**EXERCISE DIRECTIONS**
Write out only the lines from the line containing "Neon Sign Of" to the end of the listing below, both included, exactly as they stand. Drop the pictures.

**DATA**
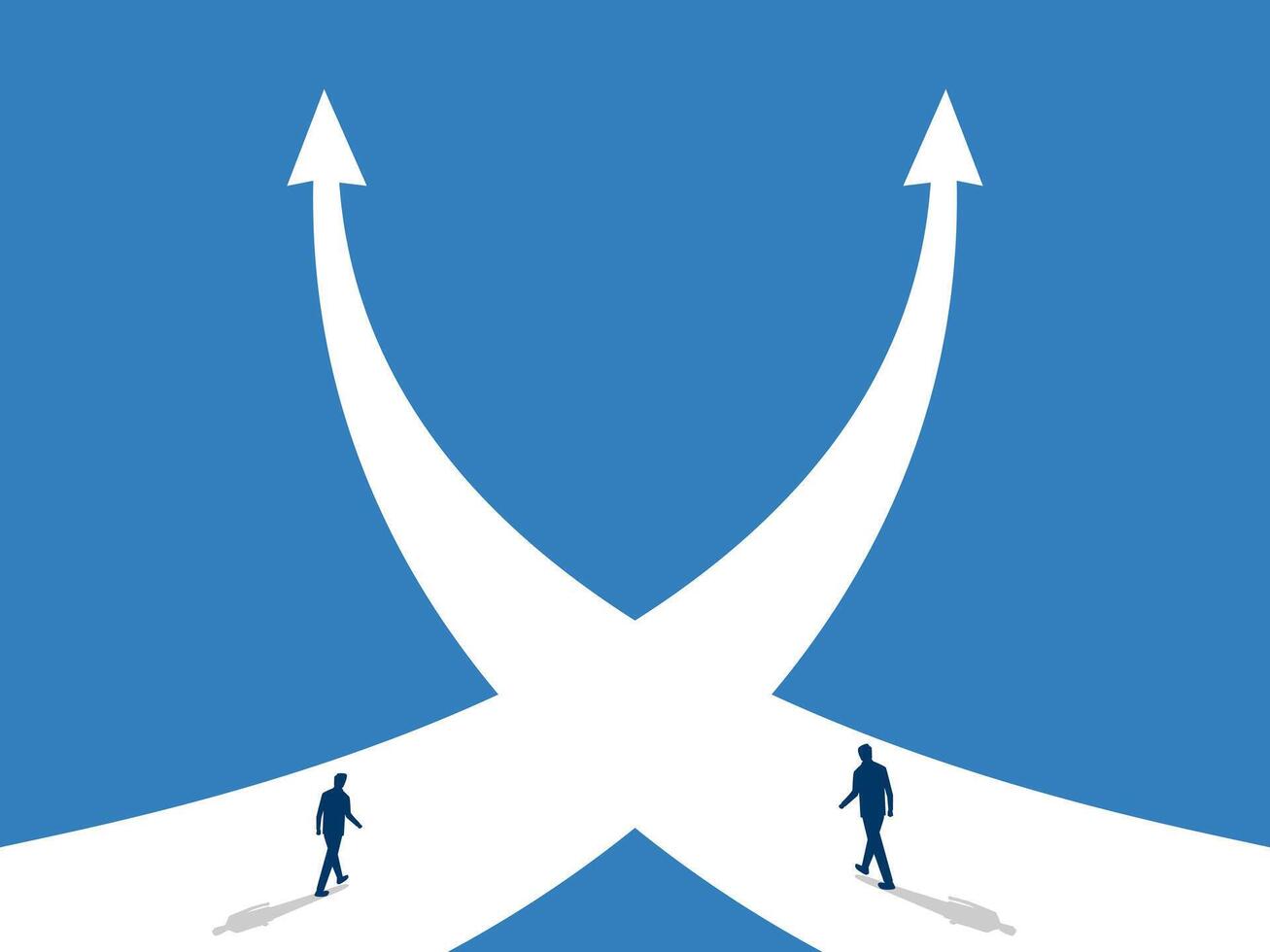 Business conflict, two businessmen with different paths vector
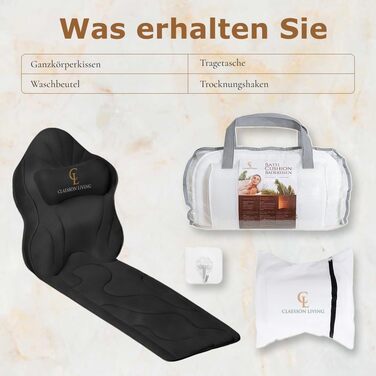Подушка для ванни повного тіла, 126x41 см. Килимок для ванни з підголовником (13 см) для підтримки шиї, спини та ніг. З мішком для прання та подорожей та гачком для сушіння. Білий (Темно-чорний)
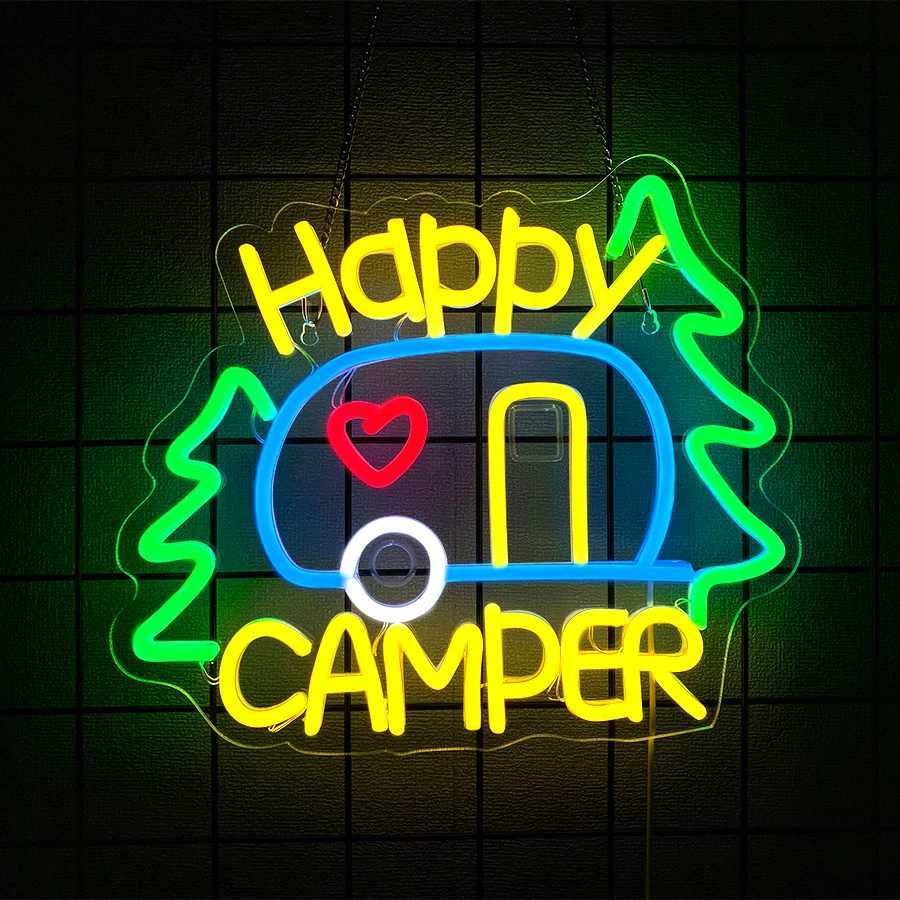 Neon Sign Of Camping Series Cartoon Icon Of Rv The Best Gift For Camping Hobby Car Used For Room Club And Party Art Decor H251201
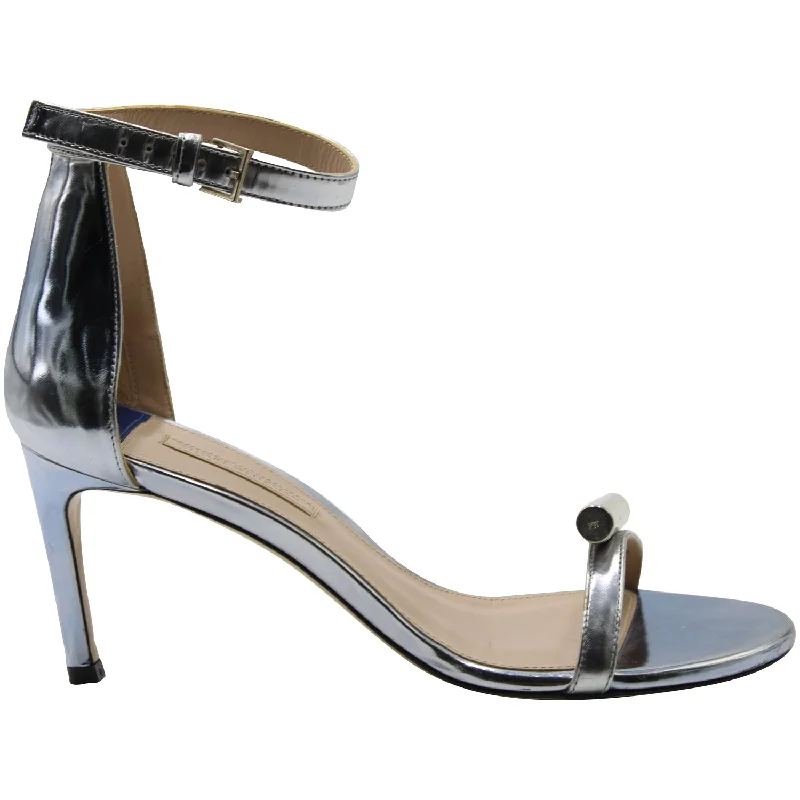 Women's arch - support stiletto heel pumps for better comfortStuart Weitzman Ankle Strap Open Toe High Heel Sandals in Silver Leather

**EXERCISE ANSWER**
 Neon Sign Of Camping Series Cartoon Icon Of Rv The Best Gift For Camping Hobby Car Used For Room Club And Party Art Decor H251201
 Women's arch - support stiletto heel pumps for better comfortStuart Weitzman Ankle Strap Open Toe High Heel Sandals in Silver Leather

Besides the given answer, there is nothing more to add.